Madeline Jackson turns loss into art and channels R&B singers of the past in DANA
When Madeline Jackson, who grew up mostly in Toledo, moved to Columbus from Cincinnati in April of 2014, she was “on an Oprah trip.”
“I’d been very anxious and depressed for a long time. I was very unhappy. I knew the things that I wanted but I wasn’t doing them. I was kinda stuck,” Jackson said. “So I was like, ‘Well, when was the last time you were happy?’ Playing music and performing.”
“I was at CVS getting my birth control,” she continued, “and I was like, ‘I’m gonna call [guitarist] Bobb Hatt.’ And I said, ‘Hey Bobb, what if I did this noisy, psychedelic lounge act? Do you know anybody who’d be into that?’”
Hatt was into it, as was drummer Andrew Morehart, and at one of the first gigs in early 2015, bassist Albert Gray offered his services to round out the lineup. (Chris Lute now sits behind the kit while Morehart is on hiatus.) The band’s brand of noisy psych-punk solidified early on in loose rehearsals.
“I was writing without an instrument at all, just voice,” said Jackson, who also plays theremin in DANA. “And then Bobb came from an improvisational background. Most people’s minds were blown in early DANA because people were like, ‘Oh, Bobb can play notes and melodies.’ Before that it was just a dozen pedals and a wall of incredible sound.”
DANA released a seven-song live recording in 2015, but the band is best known for its live performances led by Jackson’s commanding, go-for-broke stage presence. “I’ve always been fully into it when it came to any kind of performance,” said Jackson, who couldn’t believe her eyes when someone showed her a picture of herself performing (“I was like, ‘Do I really do that shit with my hands? What am I doing?’”). “It’s not necessarily performative. It’s soulful and authentic. The audience can always tell if you’re phoning it in or if it’s an affectation.”

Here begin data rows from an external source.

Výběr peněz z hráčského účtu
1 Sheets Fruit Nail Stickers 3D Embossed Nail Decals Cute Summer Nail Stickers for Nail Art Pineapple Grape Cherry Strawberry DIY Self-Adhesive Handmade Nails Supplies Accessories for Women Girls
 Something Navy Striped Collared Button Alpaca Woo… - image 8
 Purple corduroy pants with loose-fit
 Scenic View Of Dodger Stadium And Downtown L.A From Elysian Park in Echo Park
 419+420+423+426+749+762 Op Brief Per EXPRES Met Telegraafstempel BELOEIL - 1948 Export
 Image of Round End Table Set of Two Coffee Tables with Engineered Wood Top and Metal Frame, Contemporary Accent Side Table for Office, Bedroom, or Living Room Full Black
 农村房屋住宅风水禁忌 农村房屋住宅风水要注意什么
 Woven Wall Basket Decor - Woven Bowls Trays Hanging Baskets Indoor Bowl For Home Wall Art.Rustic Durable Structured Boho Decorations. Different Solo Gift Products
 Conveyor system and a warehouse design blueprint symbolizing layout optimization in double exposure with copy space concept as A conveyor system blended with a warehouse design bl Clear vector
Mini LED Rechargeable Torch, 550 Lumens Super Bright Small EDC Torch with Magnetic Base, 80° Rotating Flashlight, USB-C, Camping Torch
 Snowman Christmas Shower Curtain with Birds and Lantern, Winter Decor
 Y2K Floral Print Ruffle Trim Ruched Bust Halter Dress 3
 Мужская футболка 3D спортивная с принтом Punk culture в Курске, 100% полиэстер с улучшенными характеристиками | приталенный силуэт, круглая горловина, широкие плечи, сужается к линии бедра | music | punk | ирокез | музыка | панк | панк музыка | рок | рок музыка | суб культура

“Much of what I do,” she continued, “is based on R&B and soul performers. It’s not a conscious effort, but the footwork, all of that — that’s classic rock and roll. It’s white people doing black [music]. I don’t think at any point, ‘Oh, I’m gonna do a James Brown thing or a Chuck Berry thing.’ It’s just feeling it. I was raised on that kind of music.”
As a teen, many of the performers Jackson revered were male. She adored Jack White and absorbed his aesthetic. “There were also other male frontmen, and I started to dress like them and act like them — less and less femme,” she said. “When I later went and taught at the Athens Rock Camp for Girls, I tried to give them better groundwork and good resources for strong female performers.”
Test pressings for DANA’s new record are in hand; Jackson hopes to release the album, which will arrive via local label Heel Turn Records and Chicago-based cassette label Dark Circles Records, in March, followed by touring in April or May.
In life and in her songwriting, Jackson takes inspiration from family members she lost. Jackson’s father died when she was 4, and her mom passed away from leukemia when Jackson was 13. Her uncle, who became her legal guardian, died in a motorcycle accident two and a half years ago.
“I’m wearing my mother’s face for the rest of my life / I’ll never know how it feels to be somebody’s wife,” Jackson sings on 2015 track “Confirmation Name.”
“I never foresaw myself being in a normal, hetero relationship or succeeding in that. My mom and a lot of women in her generation, that was the end goal,” she said. “I look exactly like my mother, and my mom’s name was Winifred, and her mom’s name was Winifred, and her mom’s name was Winifred and they all thought that I was gonna be a Winifred. But I just look like her. I wanted to sever myself from the same destiny as them, even though I respect them.”
Jackson also strives to embody her mother’s sense of humor and positivity. “My mom went through a lot and was still so funny and cool,” she said. “She pushed any melodrama and negativity out of her life. That was one major thing I learned from that experience — having a minimal tolerance for bullshit.”